Qual è secondo lei la cima più bella?

Una domanda che mi hanno fatto in tanti, ma a cui trovo sempre in difficoltà a rispondere. Le montagne sono tutte belle, proprio perché vissute in momenti differenti della propria vita, affascinano sempre in maniera differente. Definisco però l’Ortles il mio grande amore.

E la quota massima raggiunta?

Ricordo le salite sul Broadpeek in Karakorum e sul Nanga Parbat in Pakistan. Entrambe le vette si innalzano oltre gli 8 mila metri, ma per il maltempo e la paura delle valanghe non andammo oltre i 7 mila.

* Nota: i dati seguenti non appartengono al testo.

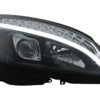 LED-frontlykter Rørlys egnet for Mercedes C-klasse W204 S204 (2007-2010) Svart med sekvensielle dynamiske svinglys | LED-frontlykter Rørlys egnet for Mercedes C-klasse W204 S204 (2007-2010) Svart med sekvensielle dynamiske svinglys |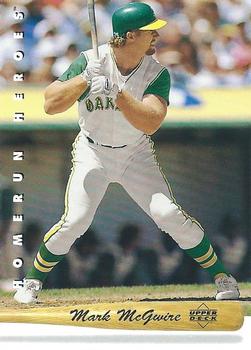 1993 Upper Deck - Home Run Heroes #HR2 Mark McGwire Front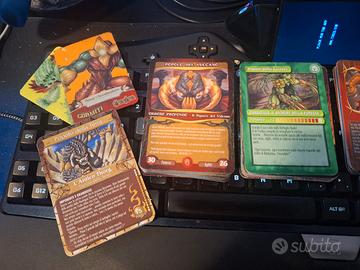 Lotto 57 carte dei gormiti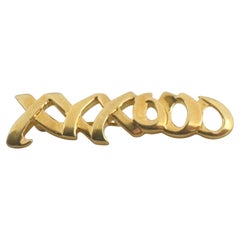 Tiffany & Co. by Paloma Picasso 1983 Vintage XO Signature Pin Brooch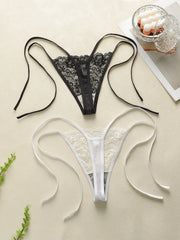 2-pack black and white combination super sexy Thong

Che pericoli nasconde la montagna?

Ce ne sono molti; il pericolo maggiore è quello delle frane o delle cadute di sassi, che possono essere causate anche dagli altri scalatori. Per questo gli alpinisti dovrebbero sempre indossare sempre il casco. L’insidia viene poi anche dal cielo: fulmini e temporali possono cogliere di sorpresa anche i più esperti. Ultimo, ma non meno importante, il pericolo interiore, psicologico che talvolta spinge lo scalatore a sopravvalutare le sue capacità.

Ha paura dei fulmini e temporali?

Vanno temuti, perché non si possono scansare. Tuttavia, attraverso i segni che si colgono con l’esperienza o con il barometro, un alpinista sa stabilire con più o meno precisione quando potrà piovere. Nonostante la possibilità di prevedere questi eventi naturali, sono stato colpito 2 volte da un fulmine, fortunatamente di striscio.

La paura può insegnare?

Certamente, è prima di tutto un buon segnale per valutare la propria preparazione. Mi è capitato di tornare al punto di partenza dopo aver fatto 1400 metri di scalata con appena 20 che mi separavano dalla vetta. Ho riflettuto e per timore di cadere ho rinunciato a proseguire.

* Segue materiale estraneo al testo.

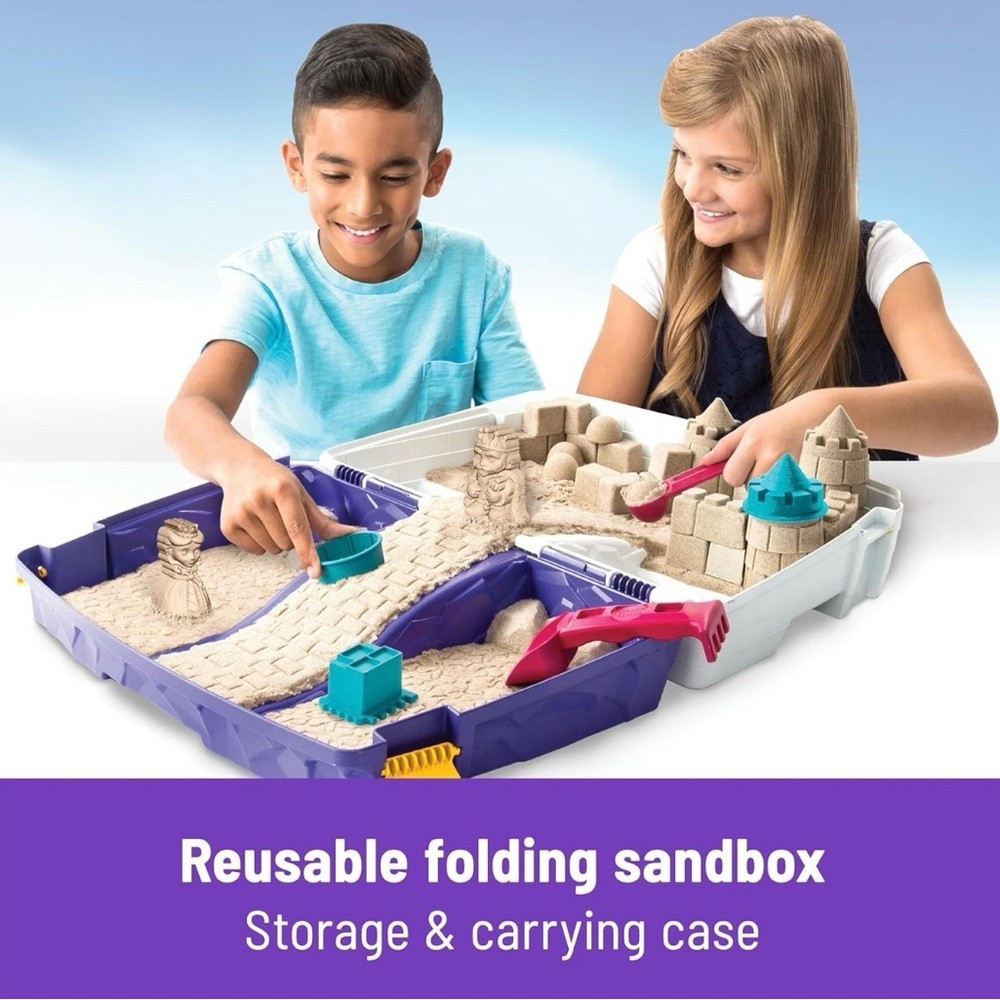 Folding Kinetic Sand Box Activity Kit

Cosa ha imparato in quasi 60 di alpinismo dalla montagna?

È una domanda profonda. La montagna insegna prima di tutto ad amare tutto ciò che ci circonda e che Dio ha fatto per noi. Ho imparato ad essere umile; se qualcuno mi definisce un grande scalatore la cosa mi fa ridere. L’alpinista non è un eroe leggendario che conquista la montagna ma la deve vedere come un’amica da rispettare. Ho imparato a condividere le mie scalate con altre persone, nuovi amici su cui contare e da aiutare in caso di pericolo. La montagna mi ha fatto capire infine come fosse il caso di rinunciare a cose che prima ritenevo attraenti come alcol e fumo.

Cosa si prova durante un’ascesa?

Le sensazioni più disparate: dalla paura di cadere, alla solitudine, ma anche la consapevolezza di avere un’opportunità unica di cogliere la profondità e la bellezza della natura.

Si è mai fatto male?

Si, in una caduta di 10 metri, mentre mi cimentavo con una montagna della Germania. Era una scalata molto difficile e mi ero preparato con grande impegno per affrontarla; è bastata però una piccola distrazione per farmi perdere l’equilibrio. Fortunatamente me la sono cavata solamente con qualche livido.

Un’ultima curiosità: ha mai scalato con i suoi figli?

Si, sono andato spesso a fare delle escursioni con i miei figli, Andrea e Lionel. Ricordo che una volta, uno di loro non indossava il casco e allora gli prestai il mio, per paura che si facesse male. Poco dopo un sasso grande come un pugno lo sfiorò, cadendo mezzo metro da lui. Ci guardammo intensamente, ed entrambi sapevamo il perché.

Carta d’identità:

Nome: Heinrich “Heinz”

Cognome: Steinkötter

Segni particolari: 67 anni, alpinista. Ha scritto “La montagna del vecchio Heinz”.